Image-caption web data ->
■ ■ ■
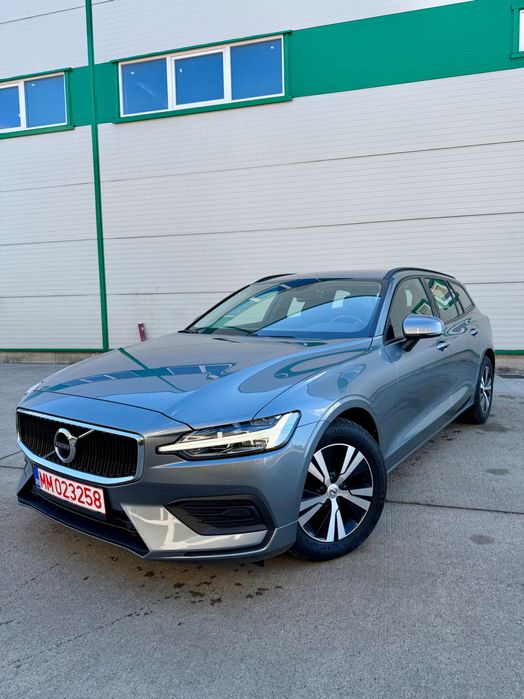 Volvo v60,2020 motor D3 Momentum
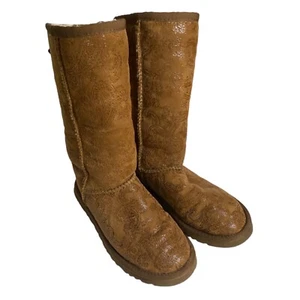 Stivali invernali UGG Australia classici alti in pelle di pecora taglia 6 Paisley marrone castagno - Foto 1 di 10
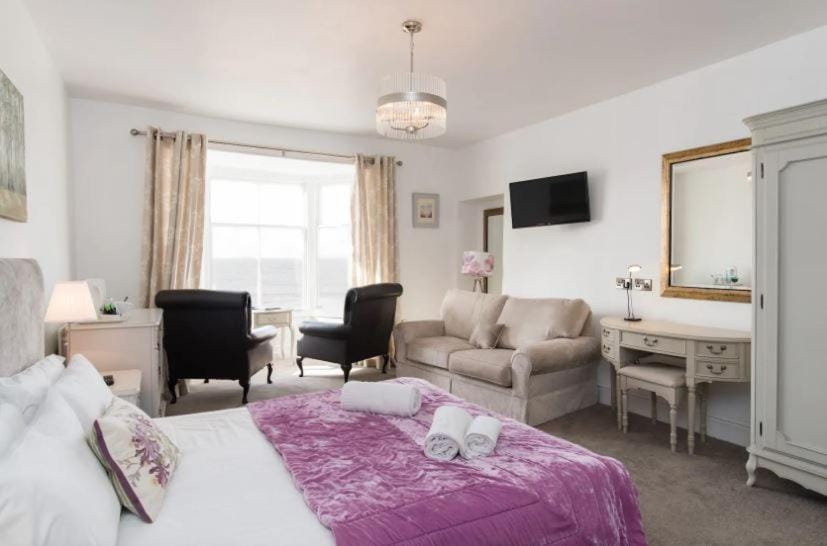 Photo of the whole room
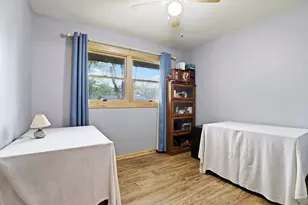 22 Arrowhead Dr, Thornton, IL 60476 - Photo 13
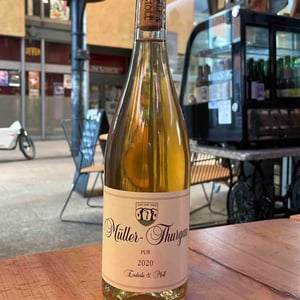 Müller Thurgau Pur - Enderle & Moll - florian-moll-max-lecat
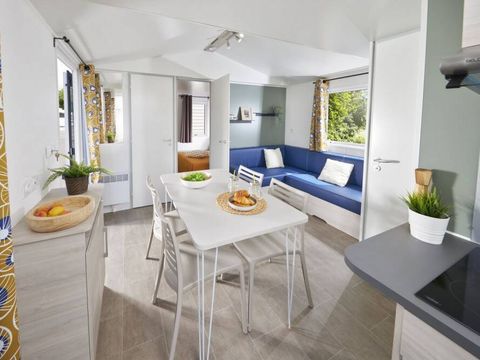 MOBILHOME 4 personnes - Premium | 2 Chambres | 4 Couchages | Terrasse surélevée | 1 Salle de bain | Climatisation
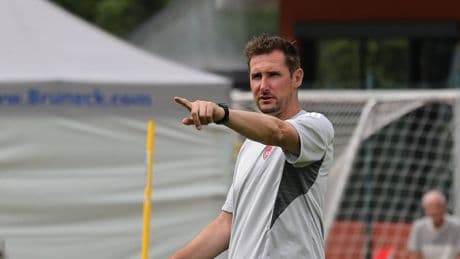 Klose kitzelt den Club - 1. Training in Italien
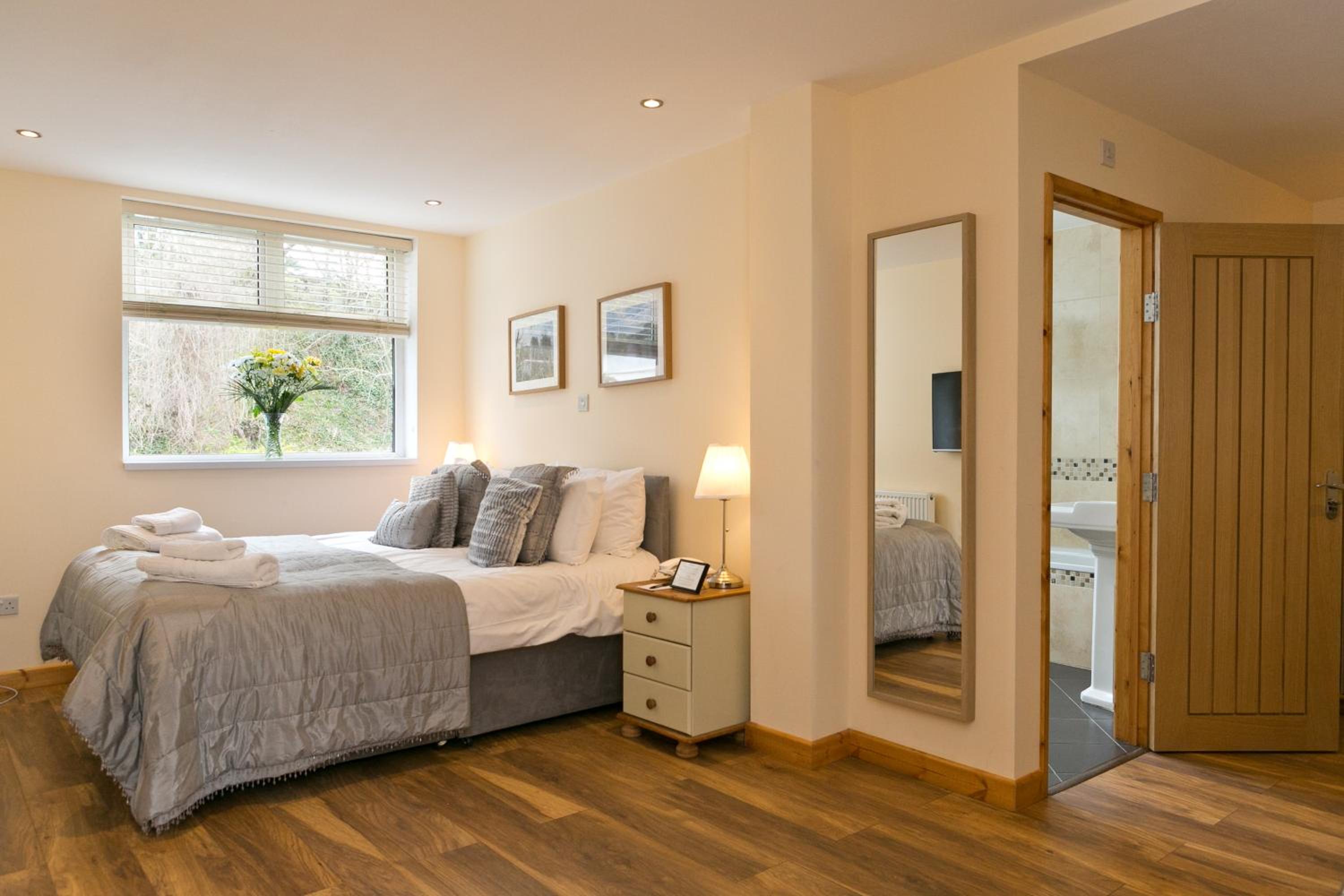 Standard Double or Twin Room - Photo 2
■ ■ ■
Task directions -> Every line from the one holding "MOBILHOME 4 personnes" through the final line of the data above is to be reproduced exactly, both ends included, with the pictures left out.

Exercise solution ->
 MOBILHOME 4 personnes - Premium | 2 Chambres | 4 Couchages | Terrasse surélevée | 1 Salle de bain | Climatisation
 Klose kitzelt den Club - 1. Training in Italien
 Standard Double or Twin Room - Photo 2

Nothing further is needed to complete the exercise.